Hell, depending on the Family and circumstances, you might even be able to buy your way into the Secret Society, not unlike a country club membership. Case in point: in the ‘50s, mob boss Albert “the Mad Hatter” Anastasia’s underboss, Francesco “Frank” Scalise was surreptitiously selling buttons for fifty thou apiece and pocketing the dough. As soon as Anastasia heard about it, he had Scalise whacked (on June 17, 1957).
Indeed, this problem of selling wings had become so pervasive that it was directly addressed five months later on November 14, 1957 at the infamous Apalachin meeting that took place in upstate New York. There, all the bosses, underbosses, consiglieres, and key capos from all twenty-six Families agreed to close the books and place an indefinite moratorium on future inductions.
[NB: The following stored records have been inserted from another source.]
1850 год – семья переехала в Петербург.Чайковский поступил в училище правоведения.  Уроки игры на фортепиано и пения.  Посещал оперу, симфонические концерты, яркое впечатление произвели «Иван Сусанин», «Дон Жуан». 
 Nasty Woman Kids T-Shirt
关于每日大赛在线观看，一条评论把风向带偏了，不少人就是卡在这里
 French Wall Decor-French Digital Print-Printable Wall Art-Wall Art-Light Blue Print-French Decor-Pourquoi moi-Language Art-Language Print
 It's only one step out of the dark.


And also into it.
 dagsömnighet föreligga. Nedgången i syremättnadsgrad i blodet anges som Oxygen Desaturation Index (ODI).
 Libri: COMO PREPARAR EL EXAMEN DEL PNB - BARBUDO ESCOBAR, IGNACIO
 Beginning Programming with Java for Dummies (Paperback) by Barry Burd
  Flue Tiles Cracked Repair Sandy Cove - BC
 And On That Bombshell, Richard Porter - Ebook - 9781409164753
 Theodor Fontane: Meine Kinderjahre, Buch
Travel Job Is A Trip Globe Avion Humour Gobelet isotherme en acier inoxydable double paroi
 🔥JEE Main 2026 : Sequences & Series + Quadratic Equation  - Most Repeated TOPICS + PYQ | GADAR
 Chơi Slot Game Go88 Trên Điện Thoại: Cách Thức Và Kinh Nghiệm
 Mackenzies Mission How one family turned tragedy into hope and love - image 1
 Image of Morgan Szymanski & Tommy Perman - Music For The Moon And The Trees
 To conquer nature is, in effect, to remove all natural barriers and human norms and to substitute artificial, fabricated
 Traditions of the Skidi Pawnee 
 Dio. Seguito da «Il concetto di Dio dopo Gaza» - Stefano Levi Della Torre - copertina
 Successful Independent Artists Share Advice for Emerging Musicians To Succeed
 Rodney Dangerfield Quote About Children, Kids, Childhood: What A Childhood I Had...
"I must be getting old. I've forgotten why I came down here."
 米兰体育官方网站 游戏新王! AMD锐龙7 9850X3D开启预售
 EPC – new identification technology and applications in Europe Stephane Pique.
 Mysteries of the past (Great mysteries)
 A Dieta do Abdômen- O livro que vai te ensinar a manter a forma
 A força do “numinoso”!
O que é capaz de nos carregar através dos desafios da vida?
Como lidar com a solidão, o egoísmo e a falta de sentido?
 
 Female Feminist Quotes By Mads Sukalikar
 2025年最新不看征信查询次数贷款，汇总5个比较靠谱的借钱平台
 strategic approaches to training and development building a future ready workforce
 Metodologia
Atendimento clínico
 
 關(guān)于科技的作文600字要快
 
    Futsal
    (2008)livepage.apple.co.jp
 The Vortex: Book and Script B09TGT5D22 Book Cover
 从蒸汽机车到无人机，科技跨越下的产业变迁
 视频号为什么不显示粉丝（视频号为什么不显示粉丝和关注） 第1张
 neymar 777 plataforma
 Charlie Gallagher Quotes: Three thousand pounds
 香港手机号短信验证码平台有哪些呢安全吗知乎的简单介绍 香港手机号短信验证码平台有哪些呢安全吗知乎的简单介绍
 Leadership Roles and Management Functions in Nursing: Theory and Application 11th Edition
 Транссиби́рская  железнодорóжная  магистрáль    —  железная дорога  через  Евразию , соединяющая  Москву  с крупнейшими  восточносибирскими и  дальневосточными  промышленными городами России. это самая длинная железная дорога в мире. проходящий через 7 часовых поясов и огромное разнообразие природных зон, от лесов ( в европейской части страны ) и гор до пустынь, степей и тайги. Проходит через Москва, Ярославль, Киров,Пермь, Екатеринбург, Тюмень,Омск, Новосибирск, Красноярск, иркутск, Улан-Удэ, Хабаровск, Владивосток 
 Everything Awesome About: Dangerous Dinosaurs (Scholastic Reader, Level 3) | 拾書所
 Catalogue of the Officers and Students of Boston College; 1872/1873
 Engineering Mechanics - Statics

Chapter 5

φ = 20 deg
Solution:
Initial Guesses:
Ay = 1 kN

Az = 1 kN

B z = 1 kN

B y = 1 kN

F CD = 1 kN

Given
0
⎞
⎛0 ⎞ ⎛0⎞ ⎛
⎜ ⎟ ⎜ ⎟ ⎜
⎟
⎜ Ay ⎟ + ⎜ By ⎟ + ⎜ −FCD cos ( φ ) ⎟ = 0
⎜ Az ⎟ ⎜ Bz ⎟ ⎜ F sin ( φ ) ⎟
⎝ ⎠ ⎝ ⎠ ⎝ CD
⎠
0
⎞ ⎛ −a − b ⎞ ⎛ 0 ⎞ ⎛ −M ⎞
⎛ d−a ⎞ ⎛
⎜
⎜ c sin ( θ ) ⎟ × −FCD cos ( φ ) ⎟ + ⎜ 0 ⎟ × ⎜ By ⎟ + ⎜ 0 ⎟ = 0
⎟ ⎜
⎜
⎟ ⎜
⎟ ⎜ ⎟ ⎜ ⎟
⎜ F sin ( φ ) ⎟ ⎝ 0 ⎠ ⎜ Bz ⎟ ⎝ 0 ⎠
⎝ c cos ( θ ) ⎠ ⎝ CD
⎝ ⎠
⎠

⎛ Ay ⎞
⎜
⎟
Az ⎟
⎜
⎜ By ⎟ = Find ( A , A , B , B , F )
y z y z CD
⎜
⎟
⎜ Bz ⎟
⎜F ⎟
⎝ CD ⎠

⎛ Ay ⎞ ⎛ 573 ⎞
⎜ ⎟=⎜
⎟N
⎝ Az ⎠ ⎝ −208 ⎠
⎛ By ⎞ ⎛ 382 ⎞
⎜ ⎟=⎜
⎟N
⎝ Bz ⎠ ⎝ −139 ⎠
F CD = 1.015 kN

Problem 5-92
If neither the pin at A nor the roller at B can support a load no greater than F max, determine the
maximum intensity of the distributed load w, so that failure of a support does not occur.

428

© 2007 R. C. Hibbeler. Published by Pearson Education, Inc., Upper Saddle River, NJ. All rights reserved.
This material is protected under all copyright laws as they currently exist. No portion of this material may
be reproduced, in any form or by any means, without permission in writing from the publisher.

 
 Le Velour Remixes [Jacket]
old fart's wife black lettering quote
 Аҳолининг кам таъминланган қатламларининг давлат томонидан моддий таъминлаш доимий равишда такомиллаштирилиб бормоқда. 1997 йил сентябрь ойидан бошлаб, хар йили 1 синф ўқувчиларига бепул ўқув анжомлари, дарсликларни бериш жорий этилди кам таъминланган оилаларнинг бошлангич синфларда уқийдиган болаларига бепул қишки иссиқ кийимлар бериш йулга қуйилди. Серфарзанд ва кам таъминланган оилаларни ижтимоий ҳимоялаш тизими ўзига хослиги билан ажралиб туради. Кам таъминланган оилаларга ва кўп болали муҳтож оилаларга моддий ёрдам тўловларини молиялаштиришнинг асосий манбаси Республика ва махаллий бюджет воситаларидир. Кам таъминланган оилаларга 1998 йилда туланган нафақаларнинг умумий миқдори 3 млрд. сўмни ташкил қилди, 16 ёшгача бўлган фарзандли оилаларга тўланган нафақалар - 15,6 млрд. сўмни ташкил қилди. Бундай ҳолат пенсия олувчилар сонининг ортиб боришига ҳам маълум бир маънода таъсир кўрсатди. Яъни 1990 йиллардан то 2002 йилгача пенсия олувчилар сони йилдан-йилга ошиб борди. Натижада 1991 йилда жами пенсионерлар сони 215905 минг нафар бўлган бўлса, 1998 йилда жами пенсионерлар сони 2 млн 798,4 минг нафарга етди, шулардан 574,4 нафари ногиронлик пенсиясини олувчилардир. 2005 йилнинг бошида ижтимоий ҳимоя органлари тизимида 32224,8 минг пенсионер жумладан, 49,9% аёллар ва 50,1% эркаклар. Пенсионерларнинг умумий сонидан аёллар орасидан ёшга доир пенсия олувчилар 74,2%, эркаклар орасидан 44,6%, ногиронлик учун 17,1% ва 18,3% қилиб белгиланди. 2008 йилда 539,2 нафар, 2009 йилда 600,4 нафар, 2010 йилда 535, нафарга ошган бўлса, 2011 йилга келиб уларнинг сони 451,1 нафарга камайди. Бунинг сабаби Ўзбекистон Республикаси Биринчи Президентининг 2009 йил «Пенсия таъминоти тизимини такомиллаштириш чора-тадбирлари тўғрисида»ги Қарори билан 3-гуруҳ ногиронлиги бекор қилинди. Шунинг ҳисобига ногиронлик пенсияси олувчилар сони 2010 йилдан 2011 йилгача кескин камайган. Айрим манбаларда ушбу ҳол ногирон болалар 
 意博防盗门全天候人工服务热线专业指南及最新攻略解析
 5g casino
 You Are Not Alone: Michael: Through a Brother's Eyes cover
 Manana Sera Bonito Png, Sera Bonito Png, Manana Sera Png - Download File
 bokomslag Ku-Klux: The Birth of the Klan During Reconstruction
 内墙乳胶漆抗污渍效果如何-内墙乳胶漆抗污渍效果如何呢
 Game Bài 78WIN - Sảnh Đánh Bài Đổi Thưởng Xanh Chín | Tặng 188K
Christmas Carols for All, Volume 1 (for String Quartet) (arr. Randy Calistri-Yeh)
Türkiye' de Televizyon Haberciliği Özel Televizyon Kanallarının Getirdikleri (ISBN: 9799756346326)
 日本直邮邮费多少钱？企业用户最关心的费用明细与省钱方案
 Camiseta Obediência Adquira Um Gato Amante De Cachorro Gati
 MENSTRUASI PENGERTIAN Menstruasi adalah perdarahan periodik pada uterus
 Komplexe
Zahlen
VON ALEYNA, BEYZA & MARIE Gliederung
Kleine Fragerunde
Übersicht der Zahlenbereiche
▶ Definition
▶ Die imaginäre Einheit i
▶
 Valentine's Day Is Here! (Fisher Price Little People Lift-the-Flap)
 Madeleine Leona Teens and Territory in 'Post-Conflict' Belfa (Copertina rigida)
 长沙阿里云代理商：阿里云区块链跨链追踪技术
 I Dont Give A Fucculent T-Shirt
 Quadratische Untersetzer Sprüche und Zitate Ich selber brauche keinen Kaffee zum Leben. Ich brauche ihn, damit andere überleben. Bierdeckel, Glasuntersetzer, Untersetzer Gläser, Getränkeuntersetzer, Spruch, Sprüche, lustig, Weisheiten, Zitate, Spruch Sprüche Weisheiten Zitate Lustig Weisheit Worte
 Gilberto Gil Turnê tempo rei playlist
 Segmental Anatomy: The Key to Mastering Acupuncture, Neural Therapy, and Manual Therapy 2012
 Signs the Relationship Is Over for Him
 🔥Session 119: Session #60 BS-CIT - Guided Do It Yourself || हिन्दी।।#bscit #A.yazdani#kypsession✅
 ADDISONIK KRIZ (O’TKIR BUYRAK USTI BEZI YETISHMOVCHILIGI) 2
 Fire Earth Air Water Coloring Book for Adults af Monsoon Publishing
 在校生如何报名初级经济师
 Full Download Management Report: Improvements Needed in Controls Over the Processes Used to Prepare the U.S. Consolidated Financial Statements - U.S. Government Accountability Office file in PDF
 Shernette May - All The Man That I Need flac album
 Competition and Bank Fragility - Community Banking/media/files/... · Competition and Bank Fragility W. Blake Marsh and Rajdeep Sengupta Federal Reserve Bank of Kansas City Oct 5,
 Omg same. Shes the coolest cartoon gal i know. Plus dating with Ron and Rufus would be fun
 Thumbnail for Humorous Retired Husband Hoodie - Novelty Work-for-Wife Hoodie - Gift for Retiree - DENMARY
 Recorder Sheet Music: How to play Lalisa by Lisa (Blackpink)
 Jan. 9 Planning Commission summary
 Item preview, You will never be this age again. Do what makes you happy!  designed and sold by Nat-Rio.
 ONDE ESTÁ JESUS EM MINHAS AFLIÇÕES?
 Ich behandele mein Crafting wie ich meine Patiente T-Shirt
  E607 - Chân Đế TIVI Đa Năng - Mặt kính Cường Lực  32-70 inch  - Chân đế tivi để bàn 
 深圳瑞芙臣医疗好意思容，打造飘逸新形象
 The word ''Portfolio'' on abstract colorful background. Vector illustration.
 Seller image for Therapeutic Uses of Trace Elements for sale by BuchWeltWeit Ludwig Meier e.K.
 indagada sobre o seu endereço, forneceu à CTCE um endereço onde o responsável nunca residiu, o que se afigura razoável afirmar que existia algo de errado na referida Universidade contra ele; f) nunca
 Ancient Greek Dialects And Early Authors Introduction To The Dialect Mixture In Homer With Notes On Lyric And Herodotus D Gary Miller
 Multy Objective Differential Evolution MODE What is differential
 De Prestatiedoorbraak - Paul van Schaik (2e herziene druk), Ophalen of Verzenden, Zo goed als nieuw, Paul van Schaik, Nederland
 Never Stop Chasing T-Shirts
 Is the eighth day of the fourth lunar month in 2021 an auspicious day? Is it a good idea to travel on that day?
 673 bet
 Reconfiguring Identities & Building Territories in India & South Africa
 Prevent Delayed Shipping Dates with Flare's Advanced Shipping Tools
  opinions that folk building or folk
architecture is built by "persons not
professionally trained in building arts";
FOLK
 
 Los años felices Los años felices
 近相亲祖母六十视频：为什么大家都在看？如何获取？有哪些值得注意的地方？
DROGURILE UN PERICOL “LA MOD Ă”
And so the books would stay officially closed until after Don Carlo Gambino peacefully croaked in his sleep on October 15, 1976. (The ultra-cunning and ruthless Gambino, who was clearly Marlon Brando’s inspiration for Don Vito Corleone, had his predecessor Anastasia whacked three weeks before Apalachin.) However, a handful of well-connected rising mob stars had been quietly badged during the preceding two years. Look, people – I’m as disgusted as you are about this pathetic decline in recruiting standards. Peace out, ‘yatches.